Kasus Tertangkap Tangan di Ende
Oleh Frans Anggal
Mantan kasek SDN Ende V, Wilhelmus Djoka, tertangkap tangan saat sedang membuat ijazah palsu di kediamannya, Sabtu 12 September 2009. Sejak 1997, ini kali ketiga pria 70-an tahun ini melakukan perbuatan yang sama. Dua kali untuk ijazah SD, satu kali ijazah SMP. Blanko ijazah ia peroleh dari seorang kasek di Nangapanda, sudah meninggal.
Pelaku sudah ditahan. Lembar ijazah sudah disita sebagai barang bukti. Juga stempel. Ia dikenai pasal 263 ayat 1 KUHP tentang pemalsuan surat, dengan ancaman pidana penjara paling lama 6 tahun. Motif tindakannya? “... hanya untuk mencari keuntungan,” kata Kapolres Bambang Sugiarto seperti diwartakan Flores Pos Rabu 16 September.

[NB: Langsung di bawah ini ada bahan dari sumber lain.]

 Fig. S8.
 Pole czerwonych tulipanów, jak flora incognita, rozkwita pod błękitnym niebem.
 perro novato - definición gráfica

Sejauh direkam Flores Pos, ini kasus kedua di Ende sejak 2004 ketika seorang caleg kandas maju gara-gara ijazah palsu. Ia pemilik ijazah palsu. Sedangkan yang ini pembuat ijazah palsu. Baik pada kasus pertama maupun pada kasus kedua, pembuat ijazah palsu adalah kasek atau mantan kasek. Kasek, karena kewenangannya, dan mantan kasek, karena pengalamannya, mudah bikin itu.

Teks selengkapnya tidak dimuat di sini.